Auch darüber hinaus verfolgen die Herrschenden in Österreich innerhalb der EU ihre eigenen Interessen, nämlich ganz konkret am Balkan. In dieser Region ist das österreichische Monopolkapital, neben dem deutschen und italienischen, auf imperialistische Weise tonangebend. Als relevanter Teil der EU-Armee ist auch das österreichische Bundesheer treibende Kraft dahinter, diese Region enger an die EU zu binden und von ihr abhängig zu machen.

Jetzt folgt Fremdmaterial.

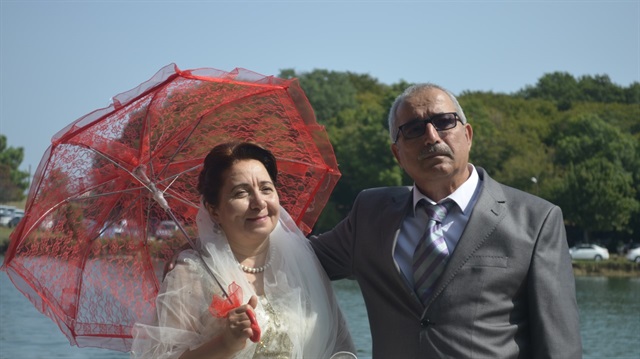 تركية يتحقق حلمها وترتدي فستان زفافها بعد 32 عاما من الزواج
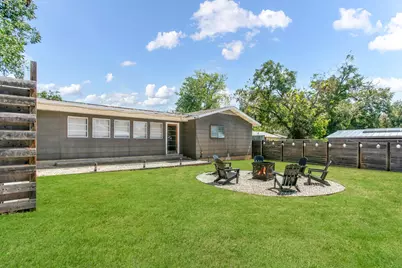333 W Burbank St, Fredericksburg, TX 78624 - Photo 23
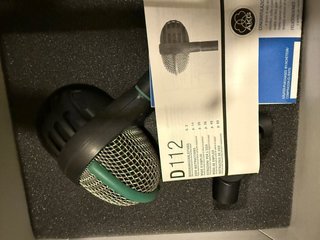 Microfono AKG D112
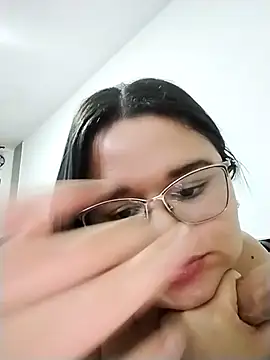 SamanthaStonee – Naživo XXX chat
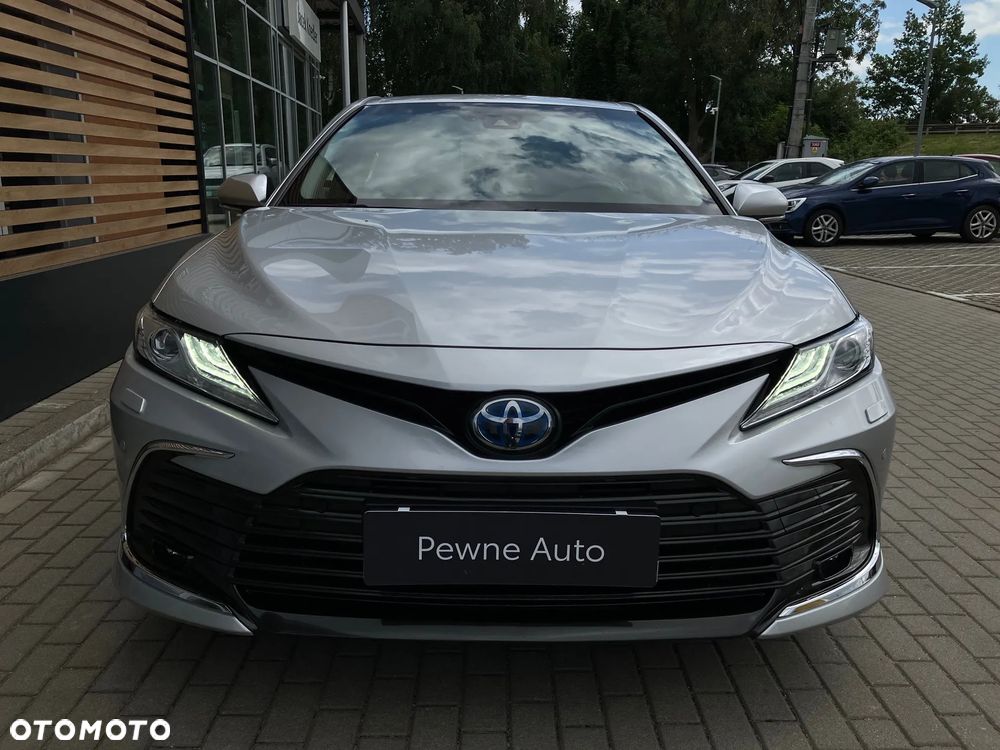 Toyota Camry 2.5 Hybrid Executive CVT - 17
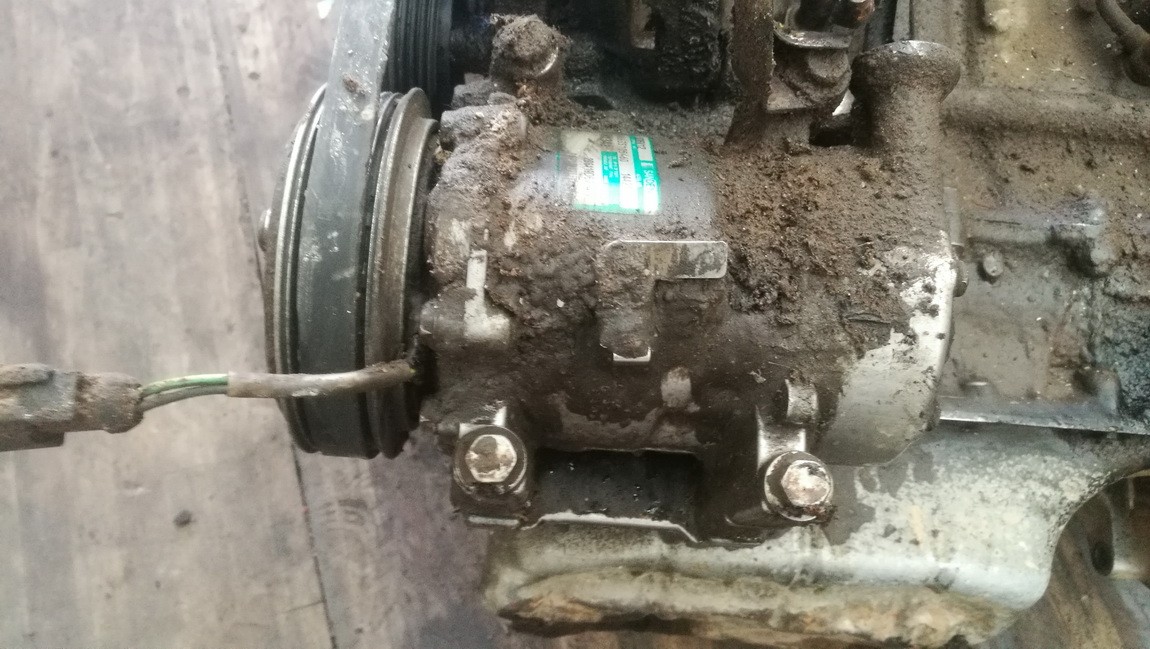 2S6119D629AE Mazda 2 2004 Kondicioniera sūknis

Doch muss an dieser Stelle nochmals unterstrichen werden, dass die Festung EUropas keine Erfindung von Kurz, Seehofer oder Victor Orban ist, sondern diese viel mehr Wesensinhalt der Europäischen Union ist. Einst als Europäische Gemeinschaft für Kohle und Stahl gegründet war die EU von Beginn an immer ein Konstrukt der europäischen Eliten und damit ein imperialistisches Zweckbündnis, das sich ganz den ökonomischen wie auch territorialen Interessen der Herrschenden und des Kapitals verschrieben hat. Dass die EU ein Projekt des Friedens und des sozialen Fortschritts sein soll, ist nichts anderes als eine glatte Lüge. Als Kommunistische Jugend Österreichs (KJÖ) beziehen wir einen klaren Standpunkt: Wir lehnen die EU als Europa der Banken, Konzerne und Generäle entschieden ab. Festzuhalten gilt aber auch, dass man es sich zu einfach machen würde, alle sozialen und ökonomischen Missstände auf die Politik der Europäischen Union abzuwälzen, für uns ist klar, dass der Hauptfeind – frei nach Karl Liebknecht – im eigenen Land steht.
Gerade während des EU-Ratsvorsitz Österreichs gilt es alle Kräfte zu bündeln, um Widerstand gegen den kommenden Sozial- und Demokratieraub hierzulande und in der gesamten EU zu leisten. Es ist zu erwarten, dass während der halbjährlichen Vorsitzperiode das Rampenlicht der medialen Öffentlichkeit ganz auf Österreich gerichtet ist und es liegt an uns, den Herrschenden die Show zu vermiesen. Nutzen wir die Gelegenheit, um auf die himmelschreienden Widersprüche des kapitalistischen Systems aufmerksam zu machen. Leisten wir unermüdlich Widerstand gegen die unsoziale, repressive und rassistische Politik von Kurz und Konsorten. Wehren wir uns gegen die immer massiveren Angriffe des Kapitals, die nur das Ziel haben, die Lebenssituation der arbeitenden und lernenden Jugend, der ArbeiterInnenklasse, der Erwerbslosen und allgemein all jener, die sich nicht zur herrschenden Klasse zählen, zu verschlechtern. Und sagen wir unmissverständlich Nein zu allen Versuchen, diesen notwendigen Protest durch sozialpartnerschaftlichen Verrat abzuwürgen.
Kämpfen wir gemeinsam gegen das Europa der Banken und Konzerne – Für eine Zukunft des Friedens, der Solidarität und des Sozialismus!